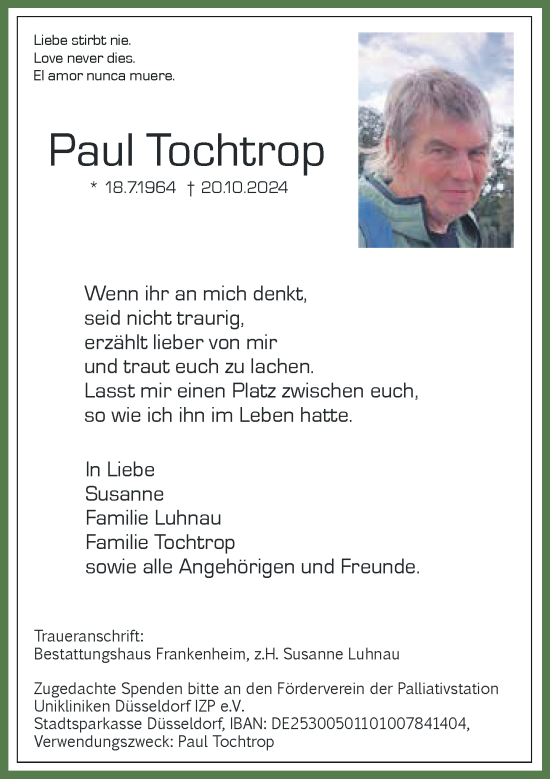 Traueranzeige von Paul Tochtrop von Rheinische Post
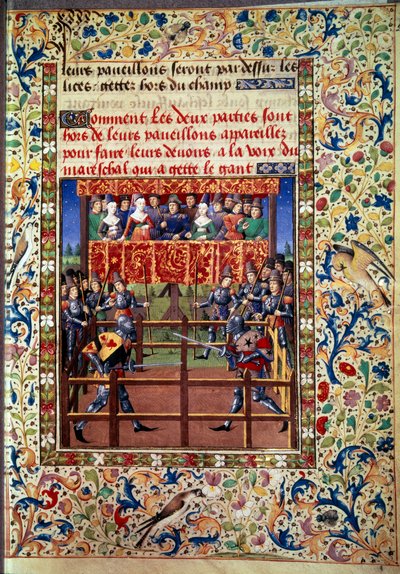 Cerimonie e ordinanze come pegno di battaglia: duello in campo chiuso tra due cavalieri. Miniatura da un manoscritto di Jean de Rolin (XV secolo) 1460 Parigi, B.N. da Unknown artist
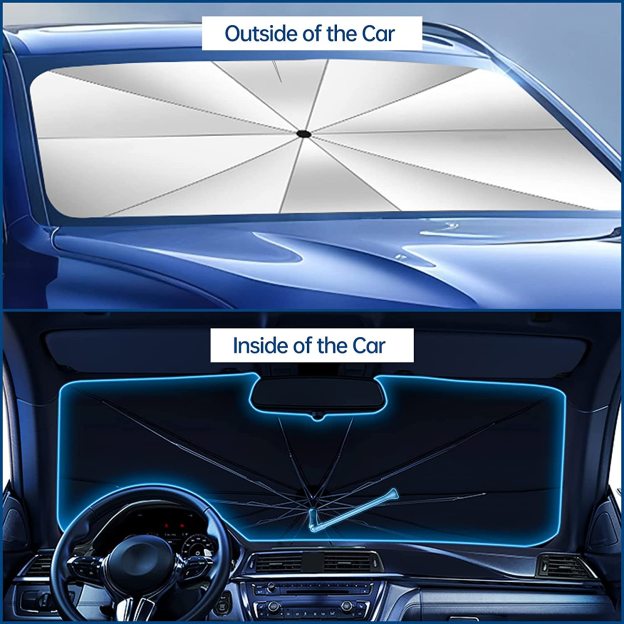 Car Windshield Sun Shade Umbrella - Foldable Car Umbrella Sunshade Cover UV Block Car Front Window (Heat Insulation Protection) for Auto Windshield Covers Most Cars-PLAWLTD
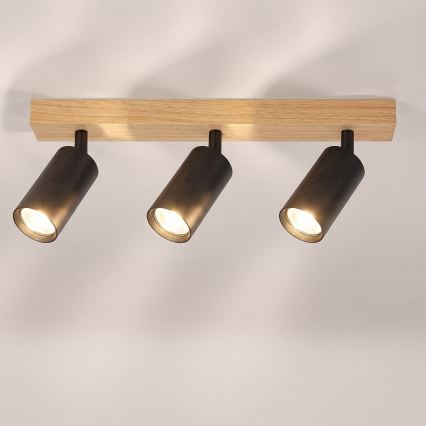 Brilagi - Lámpara de focos SELE 3xGU10/30W/230V negro con acabado en roble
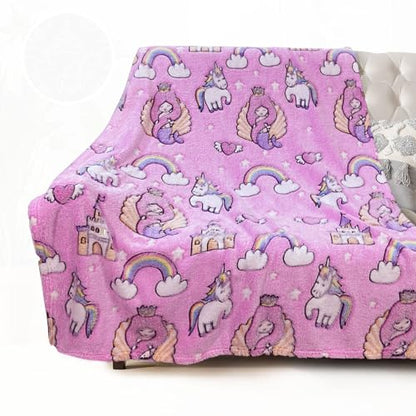 COMFAR Mermaid Blanket for Girls 4-6, Mermaid Gifts, Kids Blanket, 40"x 50", Pink, Glow in the Dark - color: Mermaid, size: 40"x 50"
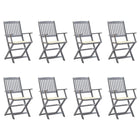 Tuinstoelen 8 st massief acaciahout inklapbaar met kussens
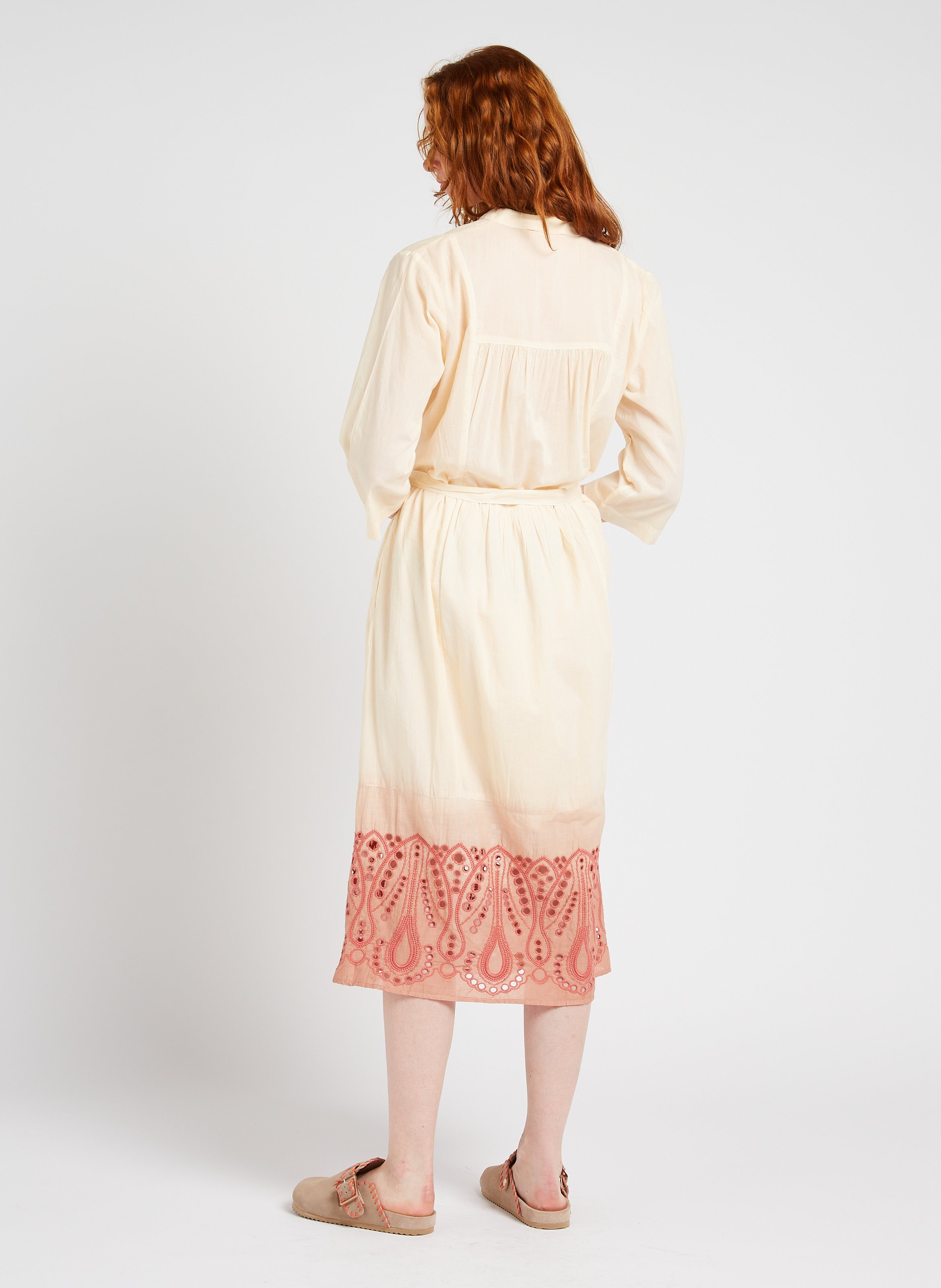 Muil met stiksels in suède leer COLORS OF CALIFORNIA Beige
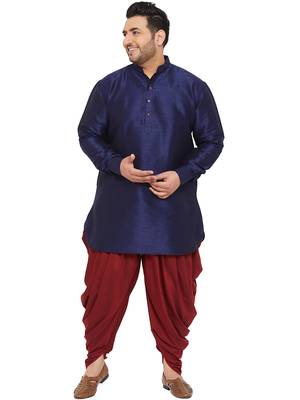 Men'S Navy Blue And Maroon Silk Blend Kurta And Dhoti Set 1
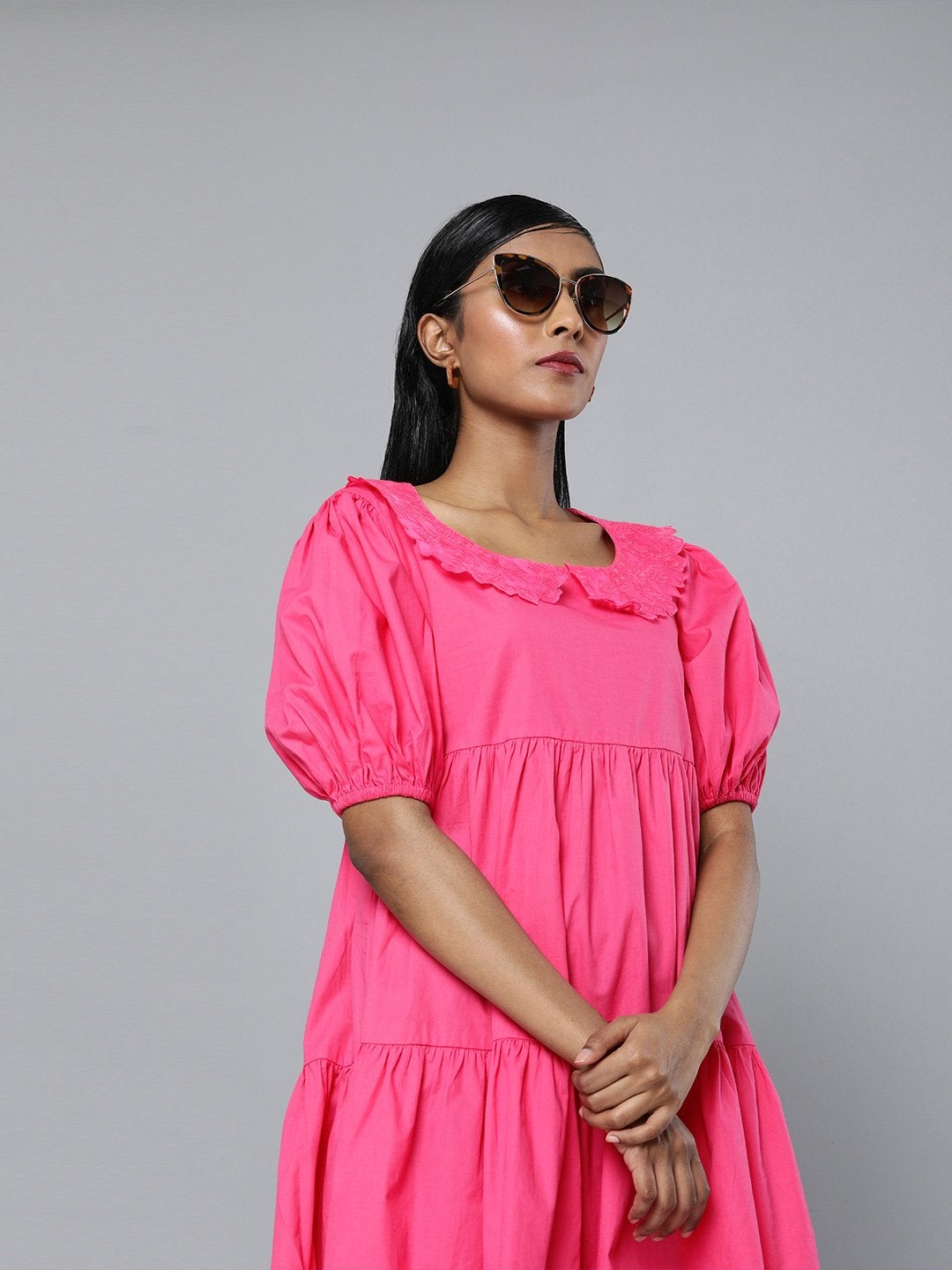 Women's Fuchsia Embroidered Collar Tiered Dress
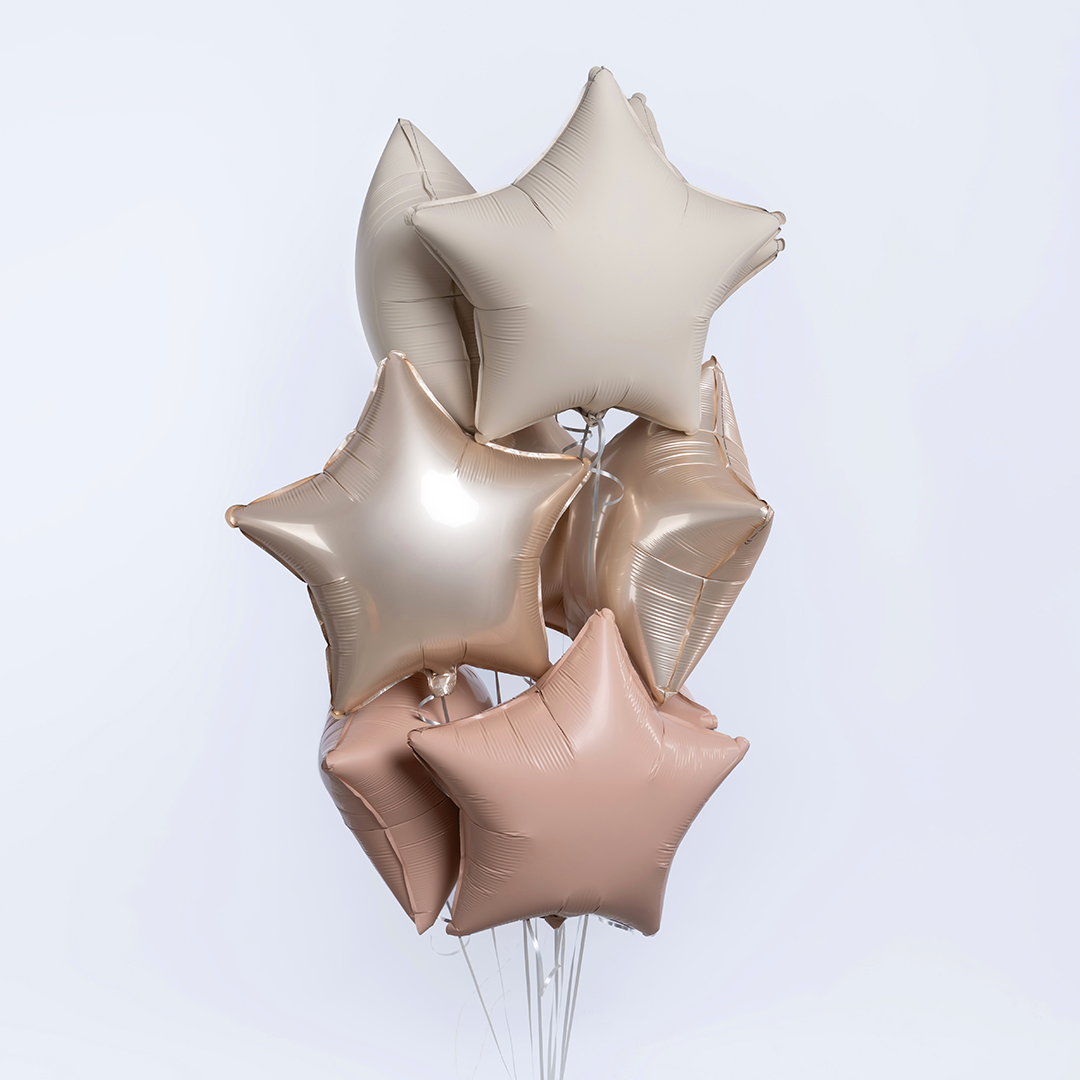 Шар (18''/46 см) Звезда, Винтажная роза, Матовый, 1 шт.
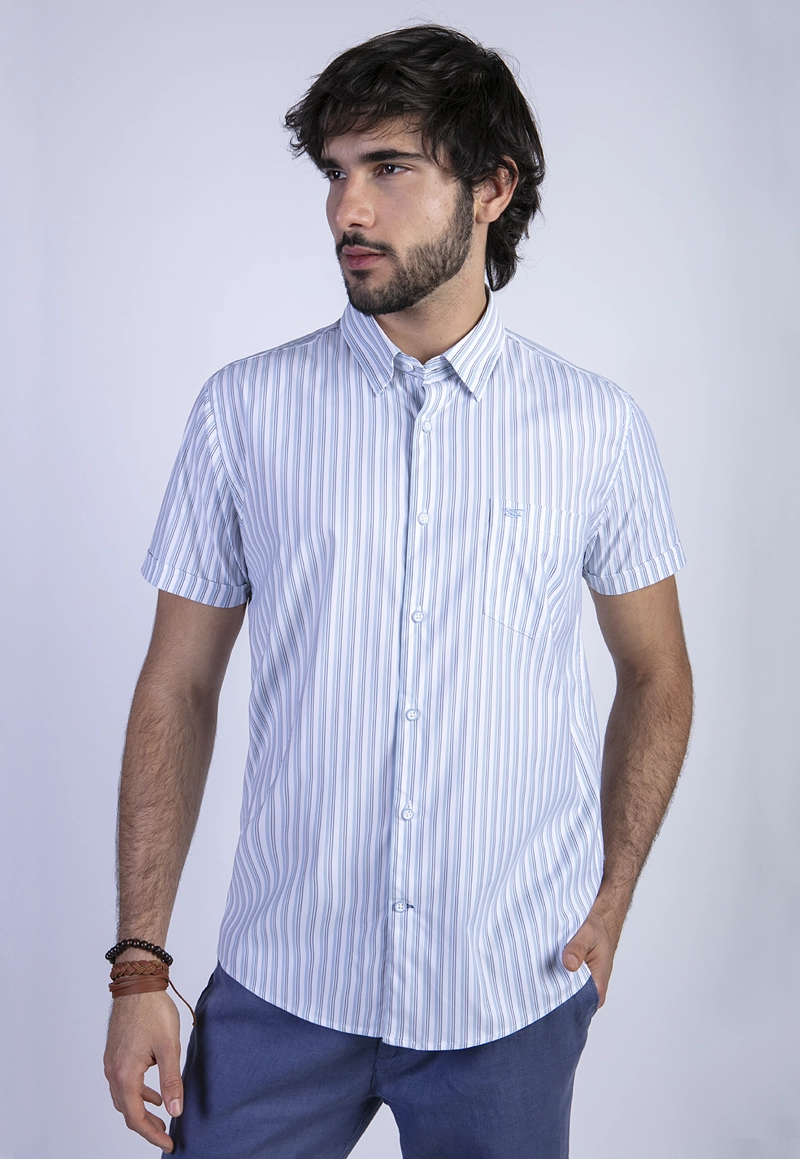CAMISA LISTADA LANCASTER F BLUE - 1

===

* **REQUIREMENT**:
An exact copy is needed of every line from the one holding "Шар (18''/46 см)" to the end of the entries above, both ends kept and each picture dropped.

* **OUTPUT**:
 Шар (18''/46 см) Звезда, Винтажная роза, Матовый, 1 шт.
CAMISA LISTADA LANCASTER F BLUE - 1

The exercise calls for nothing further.